EVIDENCE FROM CLINICAL STUDIES
Myocardial ischemic manifestations are commonly detected in patients with Chagas heart disease and may contribute to the pathogenesis of the disease’s complex pathophysiology. Atypical angina pectoris is a common complaint in T. cruzi-infected patients 36 . The characteristics of the chest pain are slightly consistent with ischemic cardiac pain (location and character) but typically have no relation to effort and no relief by the use of nitrates. Most of these patients have concomitant transient or definite ST-T changes on a 12-lead electrocardiogram (ECG) and abnormal Q waves compatible with electrically inactive left ventricular (LV) areas 37,38 . More rarely, patients may present with a clinical picture that mimics an acute coronary syndrome 37 . Similar to coronary heart disease, segmental LV wall motion abnormalities are common in patients with chronic Chagas disease and are even occasionally detected when the LV chamber is already globally dilated 39,40 . Despite the occurrence of all of these manifestations, suggesting the presence of myocardial ischemia, catheter-based coronary angiography in Chagas’ cardiomyopathy nearly invariably demonstrates the absence of significant obstructive coronary disease at the epicardial level 36−41.

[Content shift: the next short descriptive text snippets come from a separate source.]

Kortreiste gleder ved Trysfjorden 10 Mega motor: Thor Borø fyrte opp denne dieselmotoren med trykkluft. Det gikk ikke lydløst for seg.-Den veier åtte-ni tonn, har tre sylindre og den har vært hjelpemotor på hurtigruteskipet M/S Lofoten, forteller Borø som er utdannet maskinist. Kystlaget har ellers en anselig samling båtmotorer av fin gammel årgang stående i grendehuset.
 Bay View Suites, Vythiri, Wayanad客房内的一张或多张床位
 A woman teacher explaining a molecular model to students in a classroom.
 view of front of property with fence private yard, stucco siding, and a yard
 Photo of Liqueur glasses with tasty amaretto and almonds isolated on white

CORONARY MACROVASCULAR DYSFUNCTION
Although the angiographic appearance of the coronary arteries is normal in most patients with chest pain and documented T. cruzi infection, impairment of the regulation of the coronary circulation may occur at the macrovascular level. The possibility of coronary spasm was postulated as causing acute myocardial infarction in Chagas disease patients with normal coronary arteries 42 . However, other investigators showed no evidence of coronary artery spasm in any of 31 consecutive patients with Chagas’ disease who exhibited precordial pain severe enough to warrant cardiac catheterization, despite the specific stimulus of the forced hyperventilation test
Consistent with the experimental studies discussed above, impairment of endothelium-dependent coronary vasodilatation in response to acetylcholine has been reported in patients with Chagas’ heart disease, but these patients had a preserved response to the non-endothelium-dependent effect of adenosine 43 . In another study, Chagas patients with angina that was atypical but severe enough to warrant coronary angiography had blunted vasomotor epicardial responses to hyperventilation and isosorbide dinitrate 44 . These combined findings suggest that abnormal coronary flow regulation may be caused by endothelial and non-endothelial dysfunction in Chagas patients with chest pain and angiographically normal epicardial coronary arteries. However, there are no conclusive data showing that these functional macrovascular derangements have any relevant impact on the pathogenesis of Chagas cardiomyopathy.
CORONARY MICROVASCULAR DYSFUNCTION
Since the 1970s, the pioneering work of Emilio Kuschnir and his collaborators in Córdoba, Argentina, employing primitive nuclear medicine methods (the measurement of global myocardial flow with 86-rubidium), showed that chronic Chagas patients, similar to patients with CAD, exhibited a reduction in myocardial perfusion at rest and during physical exercise in comparison with normal individuals 45−47 . Several other investigations have subsequently described striking myocardial perfusion abnormalities in Chagas disease patients with angiographically normal coronary arteries, thus supporting the concept of abnormal flow regulation that essentially occurs at the microvascular level 41,48,49 . Using 201-thallium stress-redistribution myocardial perfusion scintigraphy (MPS), one of these investigations demonstrated at least one perfusion defect in all 23 chagasic patients studied 48 .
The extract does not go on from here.